# cuQuantum-Appliance: Google Cirq accelerated with cuQuantum

In this tutorial, we'll learn how to simulate quantum circuits constructed with Google Cirq on GPUs using cuQuantum-accelerated qsim.

_Cirq_ is a popular python framework for programming quantum computers circuit by Google's QuantumAI team. It provides an extensive set of gates, algorithms and examples and can execute quantum algorithms either on simulator backends or quantum hardware.

_qsim_ is Google's fast state vector simulator for Cirq. For fast GPU simulations it uses the NVIDIA cuQuantum SDK.

The _NVIDIA cuQuantum Appliance_ docker image provides a ready-to-go image containing all components and allows GPU-accelerated simulations on all NVIDIA platforms with Volta-architecture or newer.

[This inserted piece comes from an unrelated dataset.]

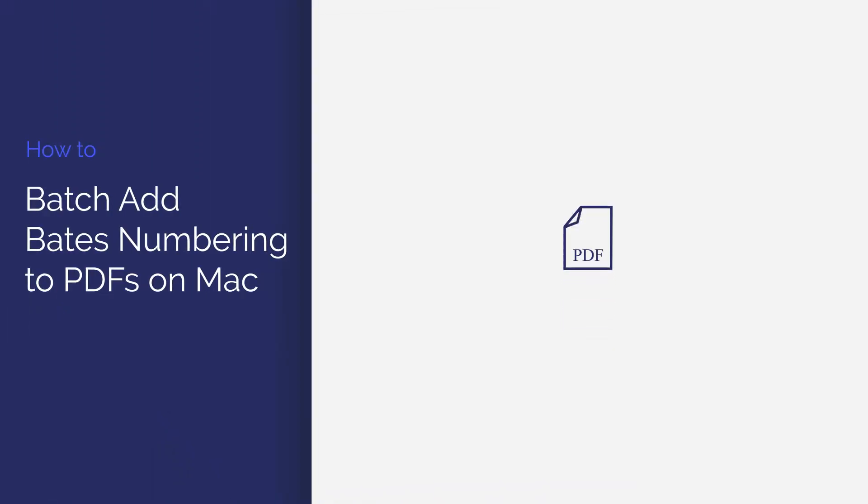Today's tutorial focuses on how to use PDF Element for Mac to add custom Bates numbers to multiple PDF files at once. Let's get started.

More information on the different components can be found on:
* NVIDIA cuQuantum Appliance: https://catalog.ngc.nvidia.com/orgs/nvidia/containers/cuquantum-appliance
* NVIDIA cuQuantum SDK: https://developer.nvidia.com/cuquantum-sdk
* Google Cirq: https://quantumai.google/cirq
* Google qsim: https://quantumai.google/qsim

## Setup

As first step, we load the Cirq and qsim python modules

In [None]:
import cirq
import qsimcirq

## Building a circuit

As warmup, we build a circuit to construct a 5-qubit GHZ state. A GHZ state is a non-classical state which entangles all qubits. It is defined as

$|GHZ \rangle = \frac{1}{\sqrt{2}} \left(|00000 \rangle + |11111 \rangle \right)$
    
At first we create a new quantum circuit in Cirq and a list of 5 qubits. 

In [None]:
c = cirq.Circuit()
qubits = cirq.LineQubit.range(5)

We assume all qubits will be in state $0$, i.e., the system is in state $|00000\rangle$.

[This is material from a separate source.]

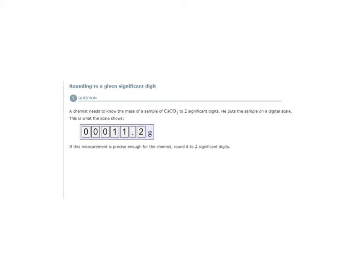Here we are rounding to a given significant digit. We have a measurement: the chemist needs to know the mass of a sample of calcium carbonate to two significant digits. He puts the sample on a digital scale, and this is what the scale shows — 11.2 grams. If this measurement is precise enough for the chemist, round it to two significant digits.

In our circuit, we first apply a Hadamard gate on qubit 0 putting it into state
$ |\psi_0 \rangle = \frac{1}{\sqrt{2}} \left( |0 \rangle + | 1 \rangle \right) $
and entangle all qubits with qubit 0 by applying a chain controlled-NOT gates.

In [None]:
c.append(cirq.H(qubits[0]))
c.append(cirq.CNOT(qubits[0], qubits[1]))
c.append(cirq.CNOT(qubits[1], qubits[2]))
c.append(cirq.CNOT(qubits[2], qubits[3]))
c.append(cirq.CNOT(qubits[3], qubits[4]))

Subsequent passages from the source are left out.